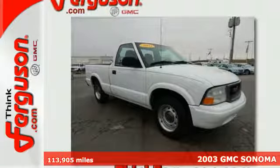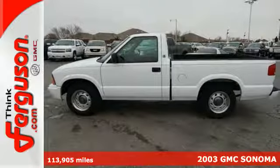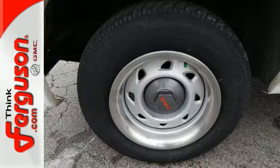It's a 2003 GMC Sonoma. Just because you need to haul stuff around doesn't mean you don't want to fit into parking spots. The Sonoma is the perfect fit for you.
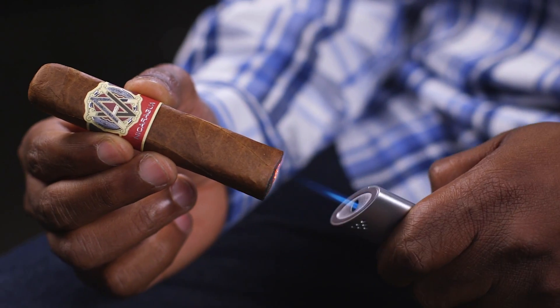As I'm smoking the Avo Synchro Nicaragua, I'm getting heavy spice notes, a touch of sweet cream and cedar.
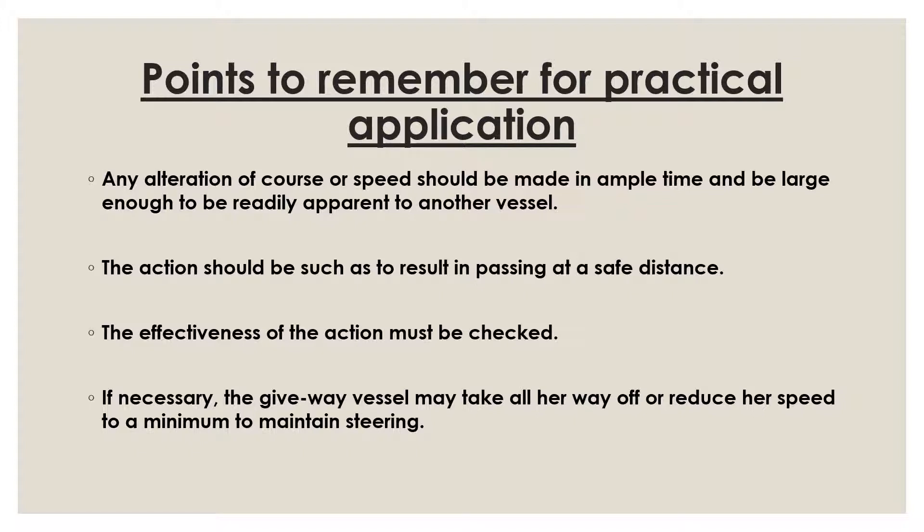Rule 8 provides more specific guidance: maneuvers should be large enough to be readily seen, and a maneuver may be by course change alone or also by slowing or stopping the engines. Slowing or stopping is especially appropriate when you are not sure about the risk of collision or do not have enough information to assess it. In open sea you can take a broad course alteration, but slowing and stopping is used in restricted visibility, high-traffic waters, or when approaching ports. In narrow channels, if you have limited information, reducing speed is also an option.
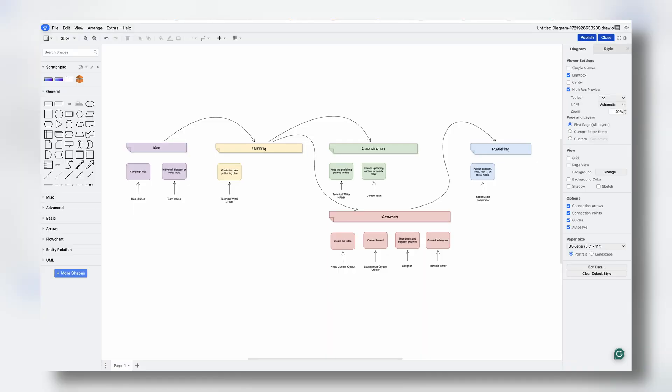At Dryo, we use diagrams like flowcharts and Venn diagrams to visualize our internal processes. These show all the steps from start to finish and capture who's responsible for what. It means everyone is in the loop and has the information they need to succeed on the team.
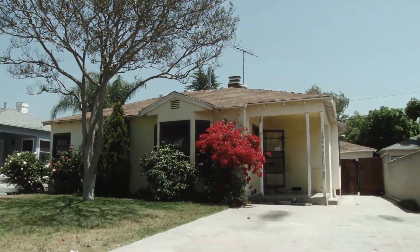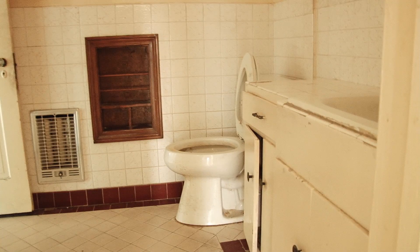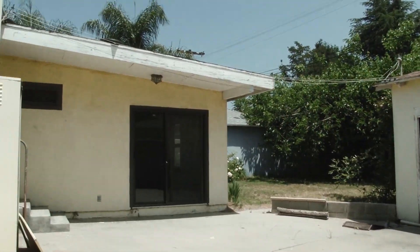We're finally here at Project Claiborne. This particular property is a three bedroom, one bath with a dinky little kitchen. What we're going to do is add another bathroom and blow out that wall so we can go ahead and have an open layout.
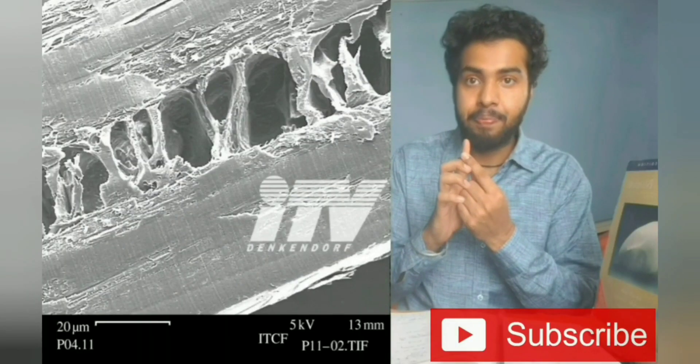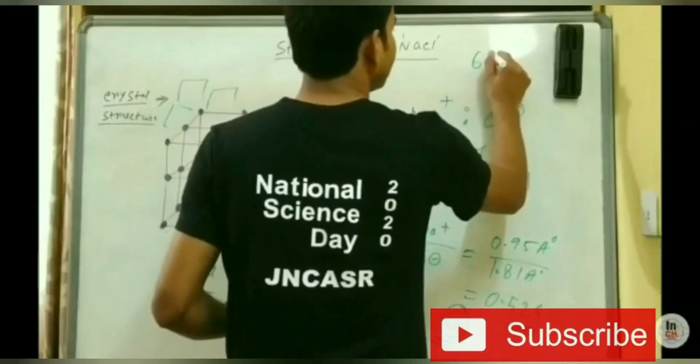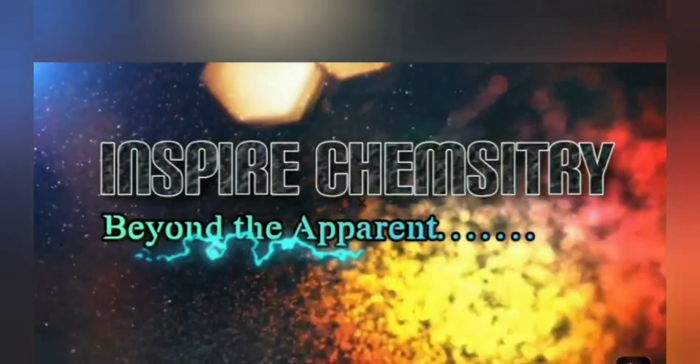If you are new to our channel, please subscribe and hit the bell icon for receiving latest updates on exams, research positions, and guidance videos. Today in this particular video, I will discuss one very important topic: Top 10 Research Fields for Chemistry in Upcoming Research.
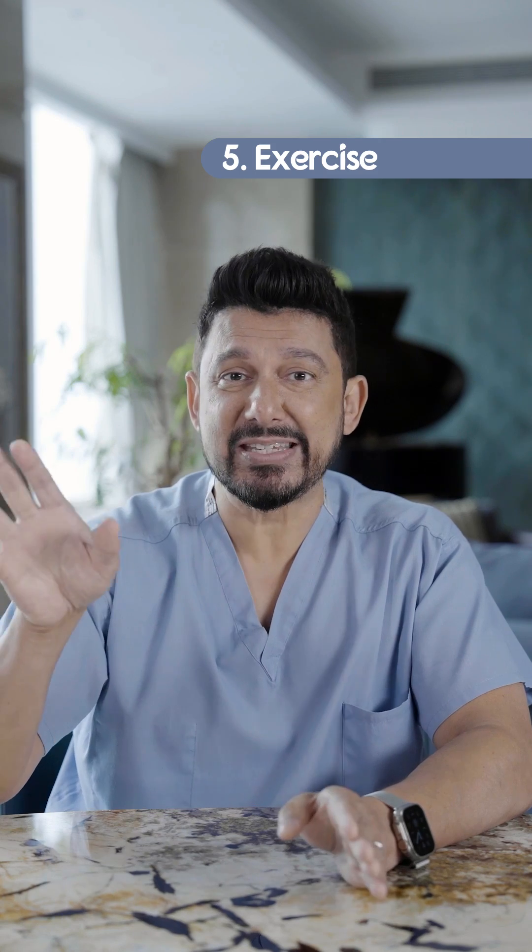Number five: exercise. Now they used to say just take rest, but I say just do light exercise. Keep walking, keep doing things, and that will actually help you get through DOMS. By about three to five days it gets better, but if it happens over seven days, you need to go see a doctor. There you have it — there's DOMS for you.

### Activity
The required result is the entries above, printed exactly from the first line through the line with "As I'm smoking", pictures excluded.

### Exercise response
It's a 2003 GMC Sonoma. Just because you need to haul stuff around doesn't mean you don't want to fit into parking spots. The Sonoma is the perfect fit for you.
As I'm smoking the Avo Synchro Nicaragua, I'm getting heavy spice notes, a touch of sweet cream and cedar.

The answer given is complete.